After the Central African Republic (CAR) announced last month that it accepted bitcoin as legal tender and legalized the use of cryptocurrencies, the International Monetary Fund (IMF) said the move could cause financial instability in the country.
Previously, the organization has spoken out strongly against El Salvador’s adoption of bitcoin and President Nayib Buquele’s ambitious plan to issue bonds backed by bitcoins.
The IMF argues that the macroeconomic and legal uncertainties associated with bitcoin adoption are worrisome:
The adoption of bitcoin as legal tender in the CAR raises serious legal, transparency and economic policy concerns.
IMF staff are assisting regional and Central African authorities with the challenges posed by the new law.

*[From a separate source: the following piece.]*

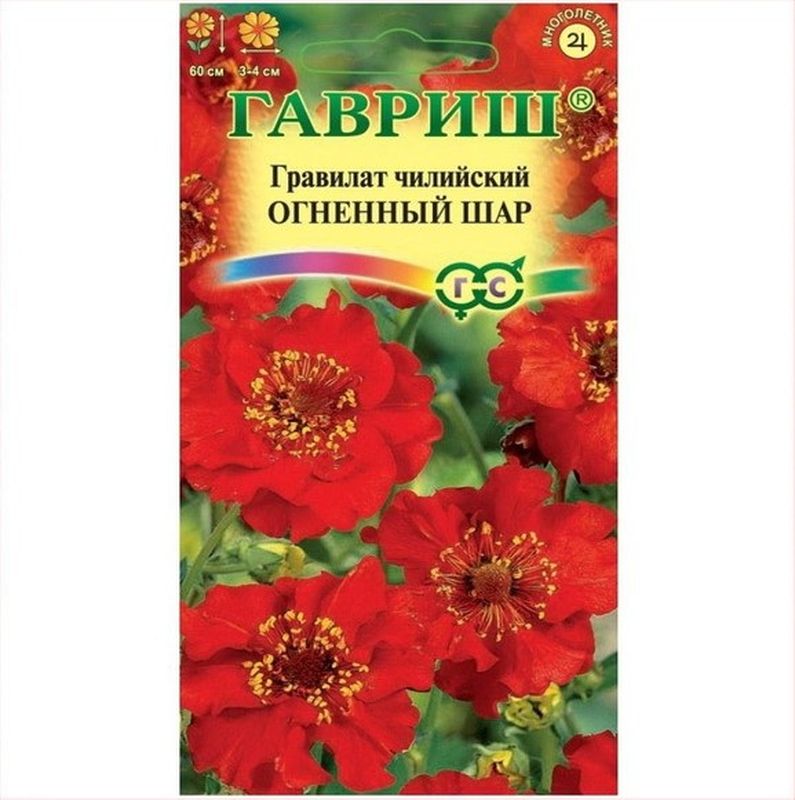 Гравилат чилийский ОГНЕННЫЙ ШАР 0,05г. (Гавриш)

As the first African country to recognize bitcoin as its currency, the CAR has faced a backlash from the international community and domestic opposition forces. The government has been accused of passing such a law without consulting opposition parties and the regional central bank responsible for managing the currency used by the CAR and five other countries in the region.

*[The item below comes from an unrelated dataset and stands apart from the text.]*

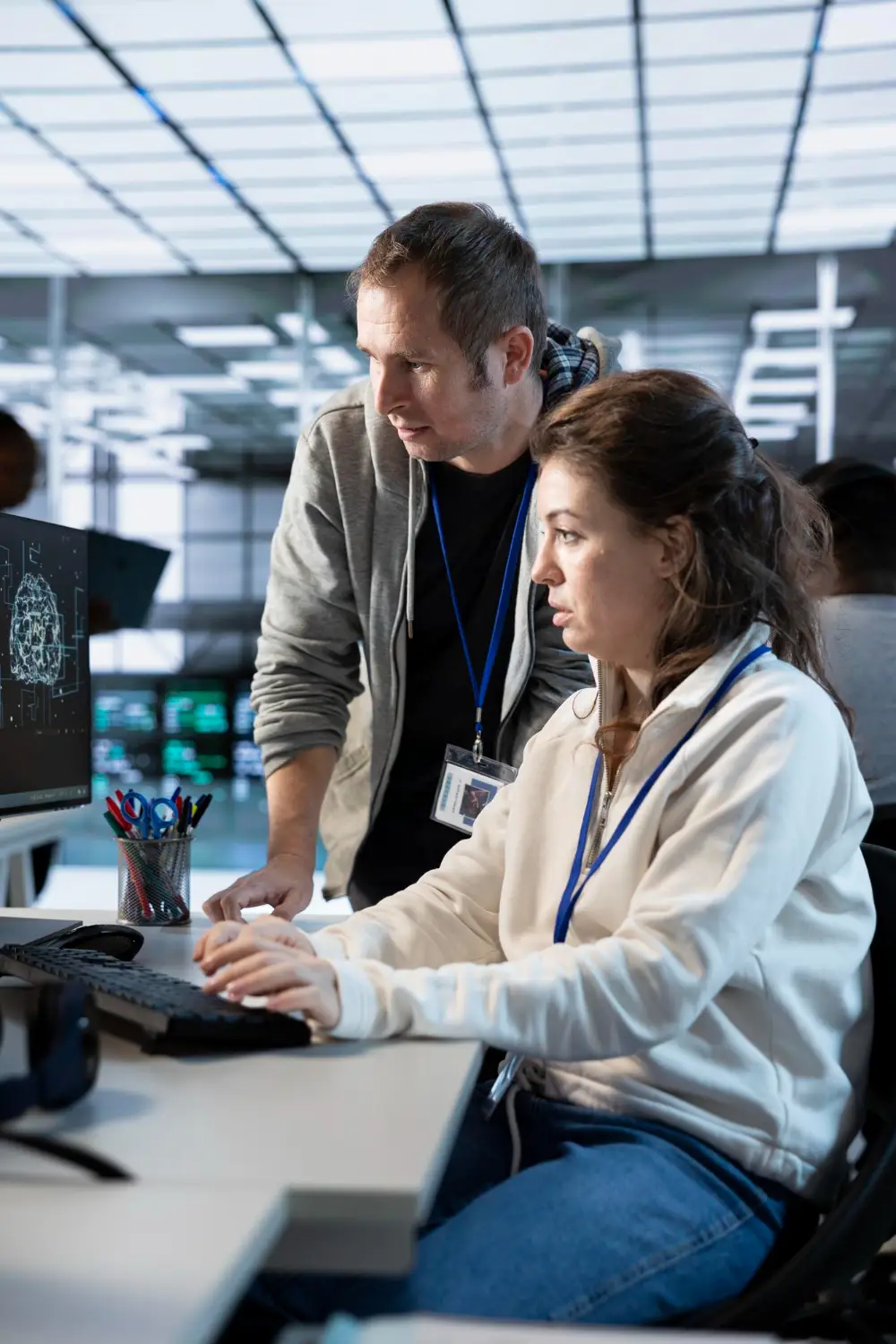 Healthcare support and maintenance illustration for updates, security and performance optimization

The authorities, however, believe that the adoption of bitcoin as legal tender will contribute to the recovery and growth of the country’s economy after a decade of civil war.
Note that the CAR’s existing currency is not currently recognized by the IMF. This makes international trade with this country and a dozen other African countries extremely difficult and highly dependent on France. The United Nations considers the CAR one of the poorest countries in the world, where only 11 percent of the population has access to the Internet.